The first three weeks of the regular NFL season introduced us to the (ill-fated, I might say) maiden voyage of the replacement refs, who obviously seemed like they had no idea how the game of football worked.
So infamous was the bumbling officiating of these substitute refs that Facebook even made a page called, “The 2012 NFL replacement officials UNfan page.”
Honestly, that is sad.
There were so many unforgettable moments to capitalize the incompetence of these refs, but none of these moments take the cake like the infamous ending to the Monday Night Football game between the Seattle Seahawks and Green Bay Packers last Monday.
Seahawks Russell Wilson scrambled in the final play of the game. As the clock expired, he threw a desperate “Hail Mary” to the corner of the end zone.

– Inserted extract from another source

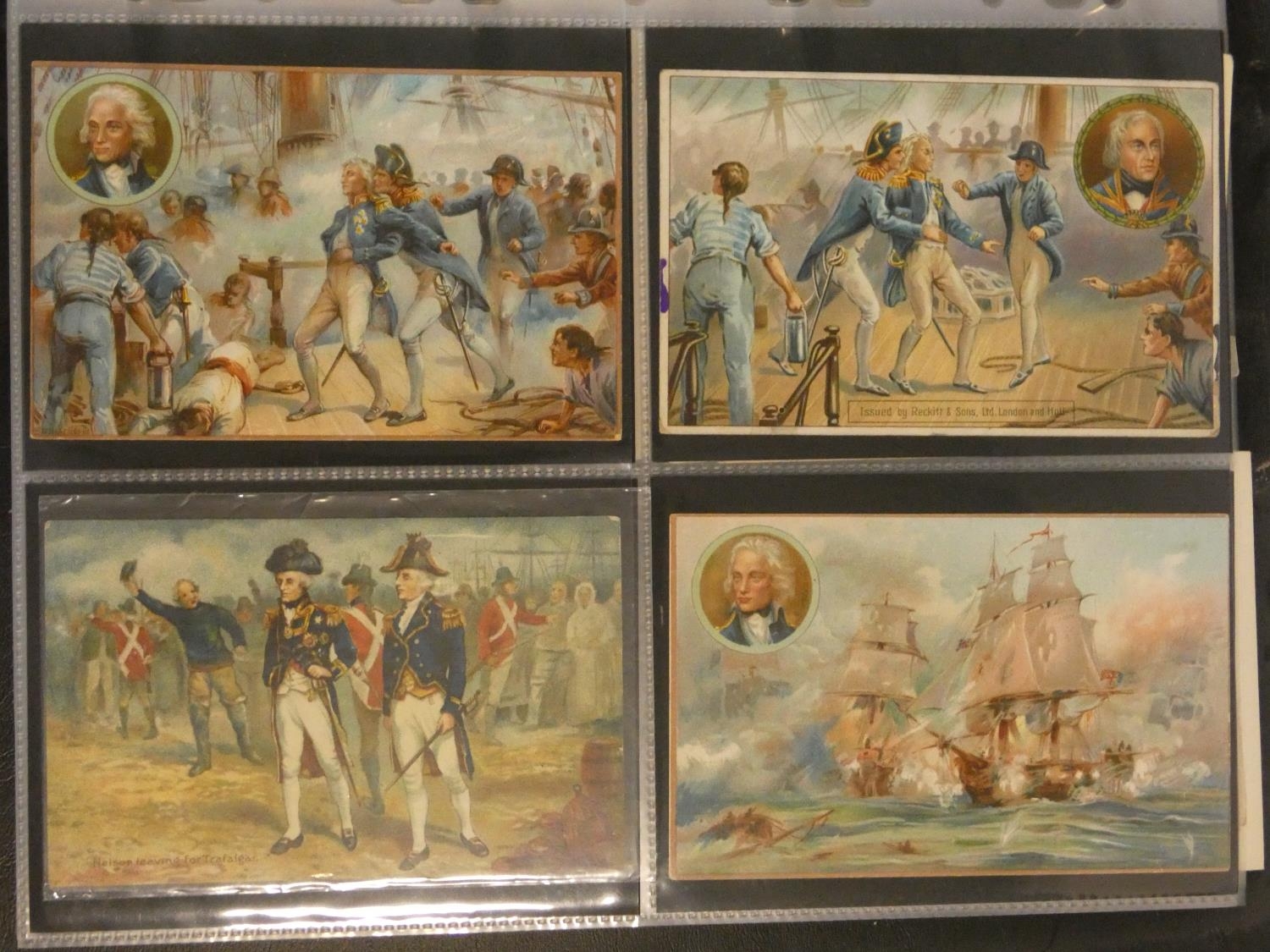 Two albums of antique and vintage postcards, stamps and cigarette cards related to Napoleon and - Image 4 of 12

A sea of Packers and Seahawks players gathered underneath the ball. Seattle’s Golden Tate wrestled Green Bay’s M.D. Jennings for possession of the ball. Two refs gathered at the struggle. They both glanced at each other and made their call — one official signaled a touchdown — while the other signaled a touchback.
While it did look as though Jennings clearly had possession of the ball as it came down, it took the refs nearly 10 minutes to withhold the call, giving the Seahawks the most controversial victory I have seen in a football game.
That was enough. The fans had enough. The coaches and players had enough. Finally, after those torturous three weeks, we can enjoy football once again. So far, the officiating of the regular refs this past weekend was more consistent than their replacement counterparts.
The regular refs agreed to an eight-year deal with the NFL, so it will be quite some time before we have to worry about the replacement refs again, and hopefully, should the time come when we do need them, they will have done their homework on the game of football.